_WHAT NEEDS TO BE DONE_. Pictures stay out, but every line of the data is copied exactly.

_DATA EXTRACT_.

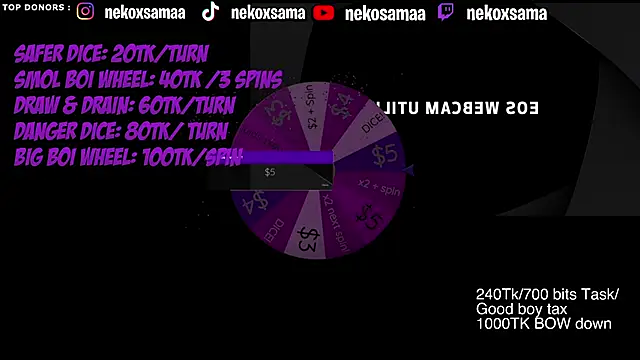 NekoxSama Obrolan Langsung XXX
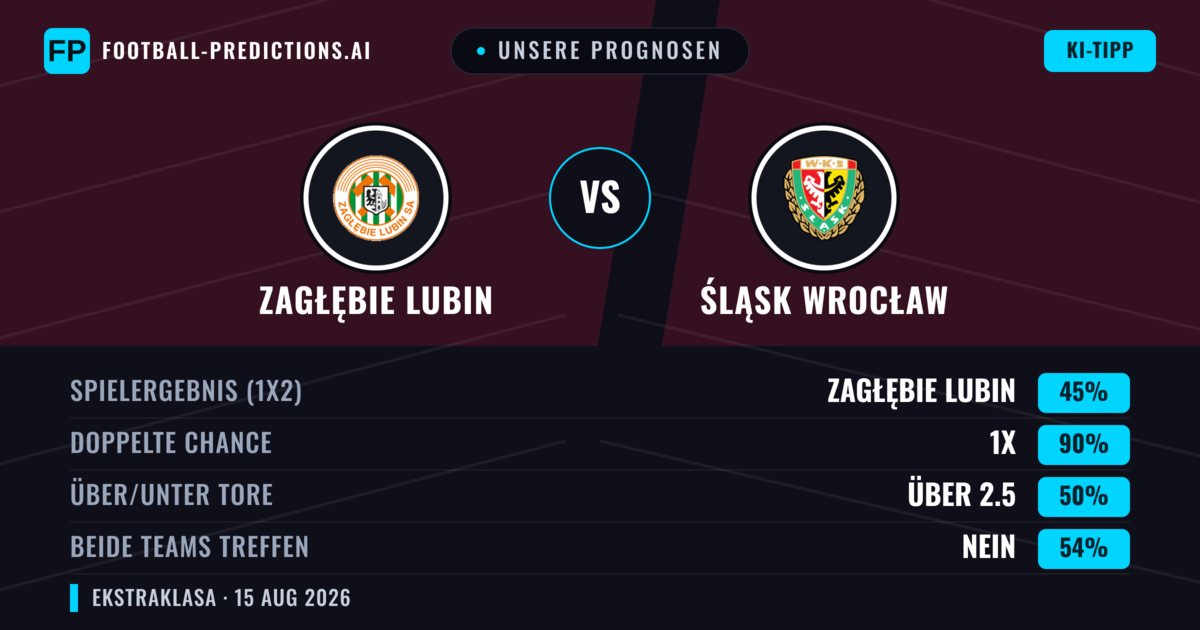 Unsere Prognosen: Zagłębie Lubin vs Śląsk Wrocław — Zagłębie Lubin — Sieg (43%); Unter 2.5; Beide treffen: Ja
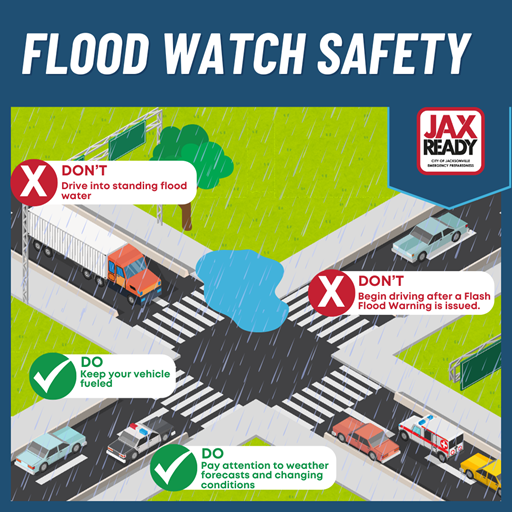 Flood Watch Safety Do not Drive into standing flood water Do keep your vehicle fueled  Do not begin driving after a flash flood warning is issues do pay attention to weather forecasts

_RESULT OF THE EXERCISE_.
 NekoxSama Obrolan Langsung XXX
 Unsere Prognosen: Zagłębie Lubin vs Śląsk Wrocław — Zagłębie Lubin — Sieg (43%); Unter 2.5; Beide treffen: Ja
 Flood Watch Safety Do not Drive into standing flood water Do keep your vehicle fueled  Do not begin driving after a flash flood warning is issues do pay attention to weather forecasts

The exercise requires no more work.